D: Qual è l'attesa nella vostra comunità ?

Marcel

Bisogna dire che il diaconato permanente non ha una tradizione di presenza concreta nella nostra Chiesa. Ne consegue anche una scarsa conoscenza di questo servizio. Così bisogna spiegare. A volte, nel nostro contesto, può risultare difficile far comprendere che uno con moglie e figli abbia questo compito specifico, con una presenza molto chiara anche nella liturgia. Sento che il mio movimento (ndr. Rinnovamento nello Spirito) è più sensibilizzato a questo rispetto alla parrocchia, anche perché c'è stata una crescita insieme e mi sono sentito sostenuto in questo cammino. Nella parrocchia sento piuttosto un certo affetto, mi sento accolto con simpatia al di là del fatto che la gente capisca o meno le implicazioni teologiche e pastorali del mio diventare diacono. Ritengo però che conti soprattutto l'autenticità della testimonianza. La gente infatti guarda alla persona e la credibilità gioca una funzione determinante. Se sei credibile, vieni accettato, anche se non sempre riescono a capire chi sei come diacono.

Giorgio
Tra quelli che sono a conoscenza del mio diventare diacono ci sono i contenti e i perplessi. lo spero soltanto di essere accettato. Sento comunque che, pur con tutti i miei limiti e difetti, c'è qualcosa che va al di là.

Massimo
Nella mia comunità di Melide sanno da diversi anni che ho scelto di diventare diacono. Ho cercato di rendere le persone partecipi nel susseguirsi delle varie tappe, in questo cammino di avvicinamento, facendo vedere che mi stavo preparando a questo servizio. Non mi faccio però grandi illusioni sul grado di comprensione, perché anche ogni comunità, come ogni persona, ha i suoi limiti.

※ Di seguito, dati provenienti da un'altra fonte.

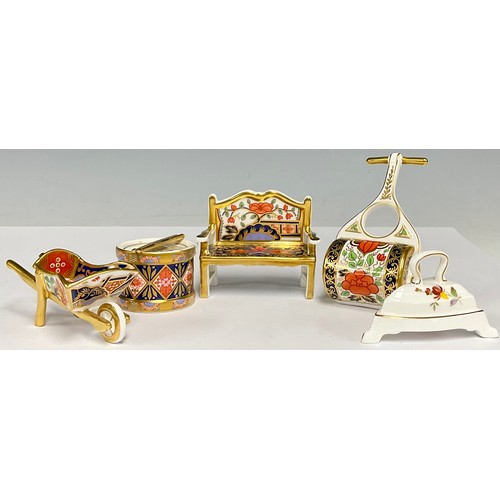 60 - A Royal Crown Derby Imari miniature model, of a garden roller, 10cm high, second quality; others, wh...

Sento però che la comunità intuisce che sta avvenendo qualcosa e la stessa atmosfera di festa che intendono preparare per la mia ordinazione, è il segno di questa intuizione.


D: Come vive questo tempo la vostra famiglia ?

Marcel

Mia figlia non vede l'ora della mia ordinazione. Continua a farmi domande sul mio diventare diacono.

Giorgio
Mio figlio, già adulto e sposato, inizialmente era scettico su questa mia scelta. Ora ne è convinto e contento.

Massimo
Per la mia famiglia il mio diventare diacono è in fondo un naturale compiersi delle cose. È il realizzarsi di quello che insieme pian piano abbiamo costruito in questi anni. L'attesa è comunque viva e anche dai miei figli le domande fioccano.